| THE PROBLEM |
Records follow. Print exactly the lines from the one that has "I've multiplied everything" through the one that has "All right, now", inclusive, and omit the pictures.

PROVIDED MATERIAL below:

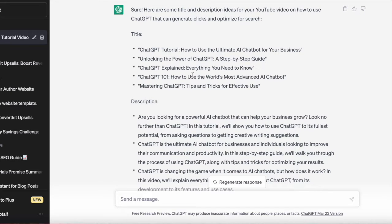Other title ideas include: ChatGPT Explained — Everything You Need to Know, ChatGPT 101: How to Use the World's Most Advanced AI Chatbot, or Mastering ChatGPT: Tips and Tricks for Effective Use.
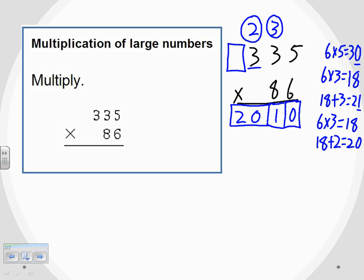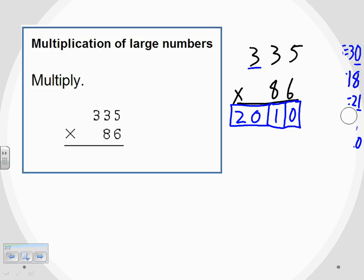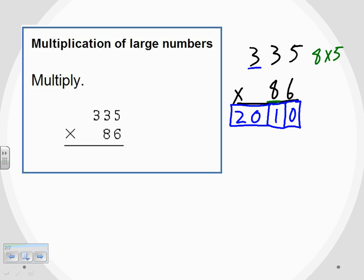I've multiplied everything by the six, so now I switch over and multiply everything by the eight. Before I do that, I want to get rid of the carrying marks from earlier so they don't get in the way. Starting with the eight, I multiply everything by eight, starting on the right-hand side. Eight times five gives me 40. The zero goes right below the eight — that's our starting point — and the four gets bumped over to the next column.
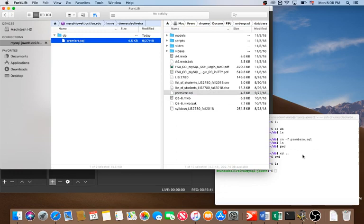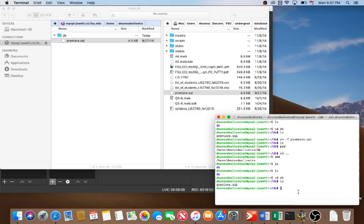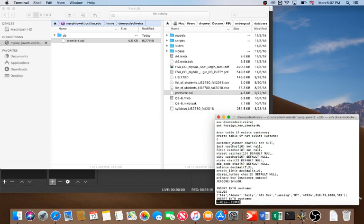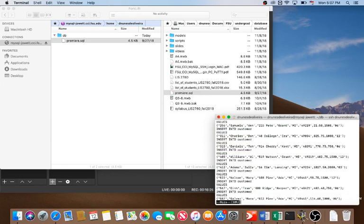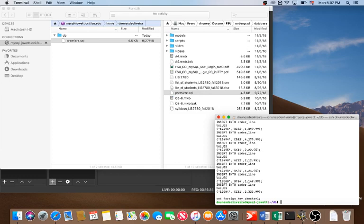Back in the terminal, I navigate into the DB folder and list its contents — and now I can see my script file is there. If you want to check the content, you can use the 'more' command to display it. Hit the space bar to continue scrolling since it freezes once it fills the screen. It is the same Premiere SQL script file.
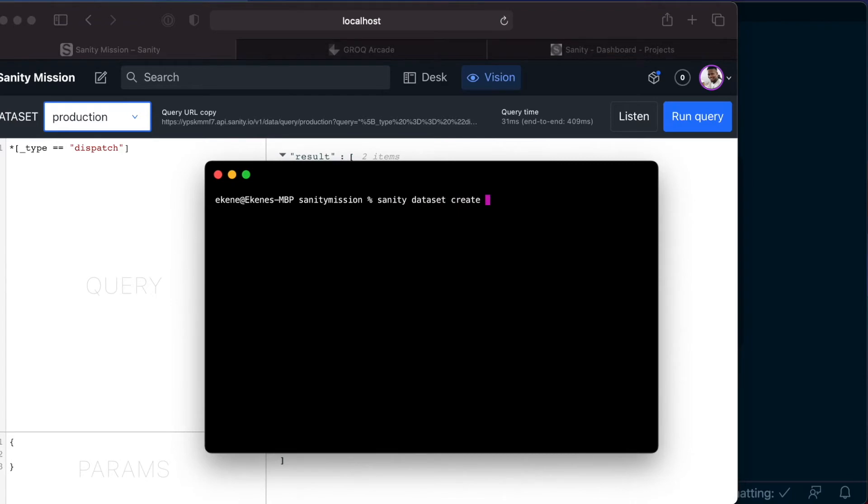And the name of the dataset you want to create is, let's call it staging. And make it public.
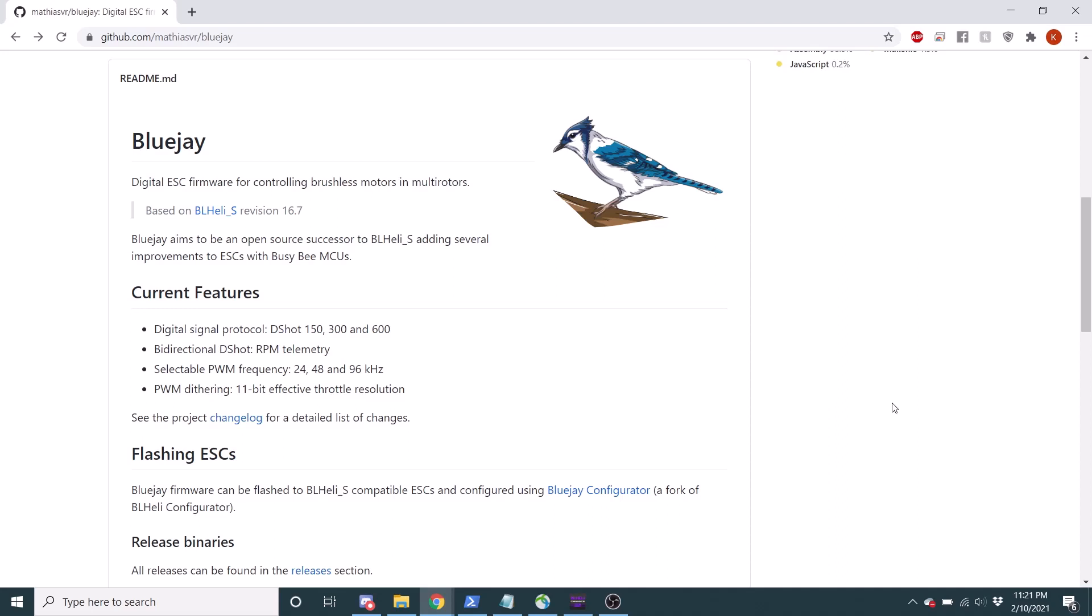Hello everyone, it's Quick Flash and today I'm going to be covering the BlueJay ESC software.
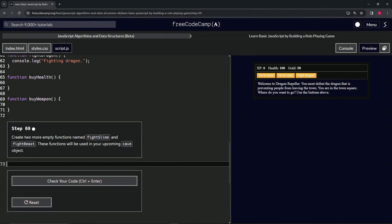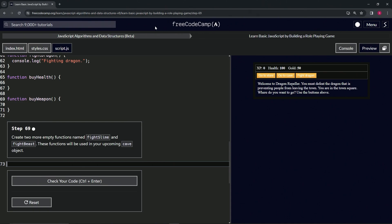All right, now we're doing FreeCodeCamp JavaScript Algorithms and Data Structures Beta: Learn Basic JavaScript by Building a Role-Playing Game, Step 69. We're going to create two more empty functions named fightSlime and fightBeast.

End of PROVIDED MATERIAL.
PROVIDED MATERIAL below:

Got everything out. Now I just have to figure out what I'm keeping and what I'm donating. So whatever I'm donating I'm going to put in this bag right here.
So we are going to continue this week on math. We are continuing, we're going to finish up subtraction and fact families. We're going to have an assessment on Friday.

End of PROVIDED MATERIAL.

| ANSWER AREA |
I've multiplied everything by the six, so now I switch over and multiply everything by the eight. Before I do that, I want to get rid of the carrying marks from earlier so they don't get in the way. Starting with the eight, I multiply everything by eight, starting on the right-hand side. Eight times five gives me 40. The zero goes right below the eight — that's our starting point — and the four gets bumped over to the next column.
Back in the terminal, I navigate into the DB folder and list its contents — and now I can see my script file is there. If you want to check the content, you can use the 'more' command to display it. Hit the space bar to continue scrolling since it freezes once it fills the screen. It is the same Premiere SQL script file.
And the name of the dataset you want to create is, let's call it staging. And make it public.
Hello everyone, it's Quick Flash and today I'm going to be covering the BlueJay ESC software.
All right, now we're doing FreeCodeCamp JavaScript Algorithms and Data Structures Beta: Learn Basic JavaScript by Building a Role-Playing Game, Step 69. We're going to create two more empty functions named fightSlime and fightBeast.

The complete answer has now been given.